* _Records provided_
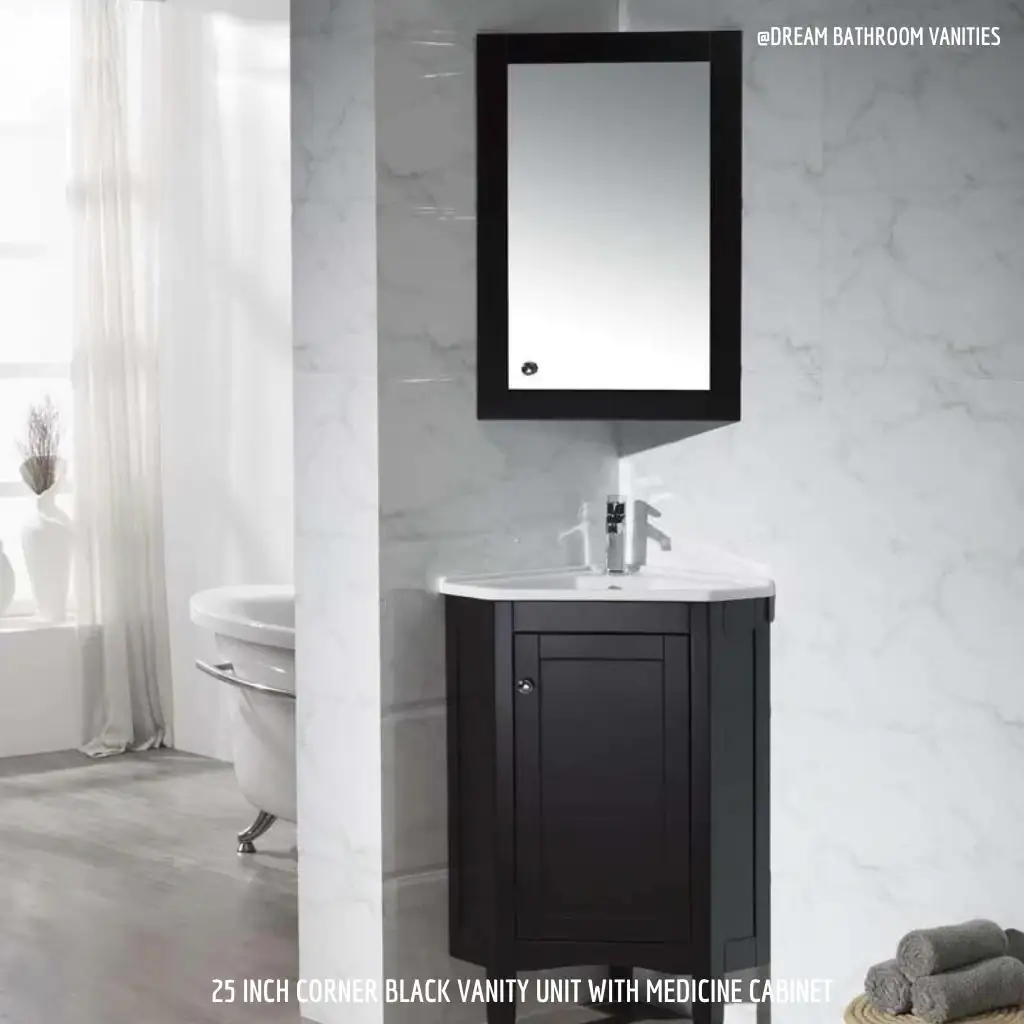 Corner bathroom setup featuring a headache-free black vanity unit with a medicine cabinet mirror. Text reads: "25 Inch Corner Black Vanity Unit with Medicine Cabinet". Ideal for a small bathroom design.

==

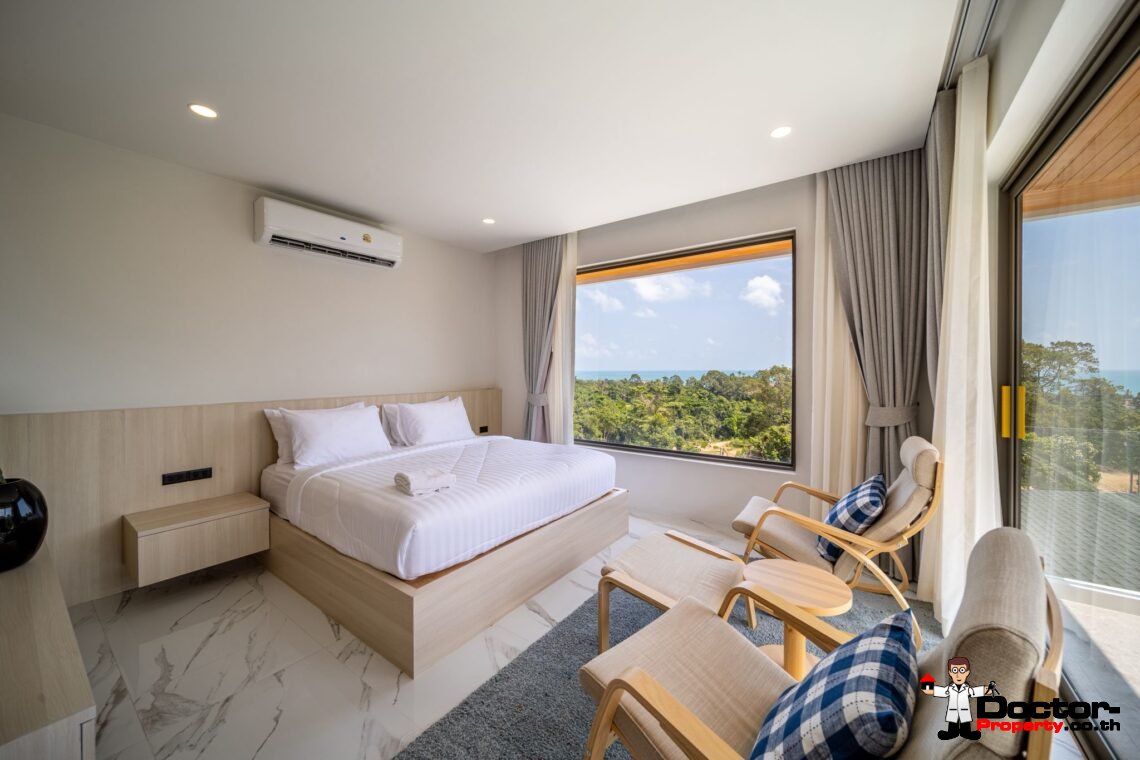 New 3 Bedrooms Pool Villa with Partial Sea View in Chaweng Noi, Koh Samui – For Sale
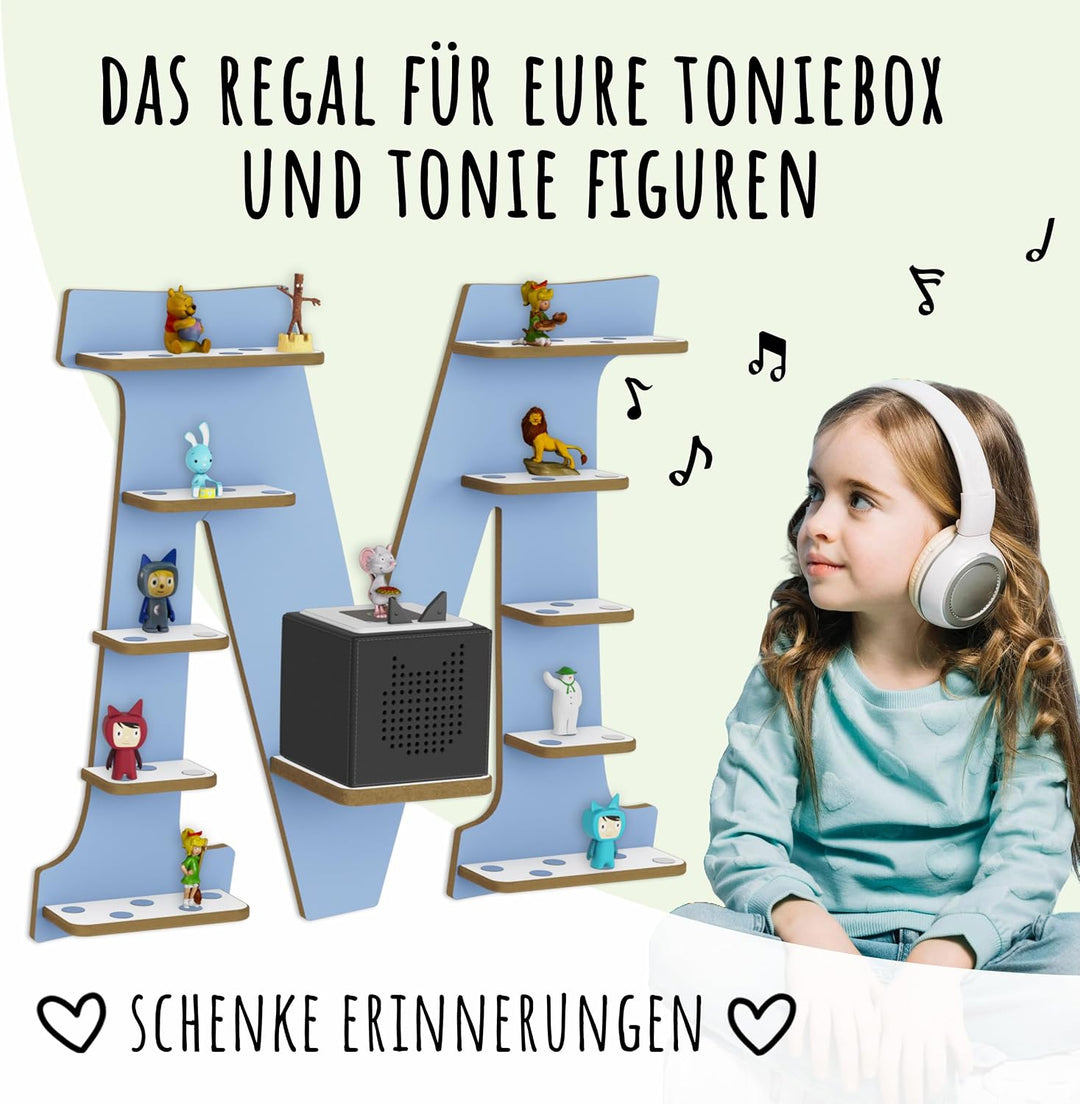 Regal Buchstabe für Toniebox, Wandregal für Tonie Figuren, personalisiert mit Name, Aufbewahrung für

* _Task to complete_
In the records above, find the line with "New 3 Bedrooms". Print exactly from there through the line with "Regal Buchstabe für", minus the pictures.

* _Written reply_
 New 3 Bedrooms Pool Villa with Partial Sea View in Chaweng Noi, Koh Samui – For Sale
 Regal Buchstabe für Toniebox, Wandregal für Tonie Figuren, personalisiert mit Name, Aufbewahrung für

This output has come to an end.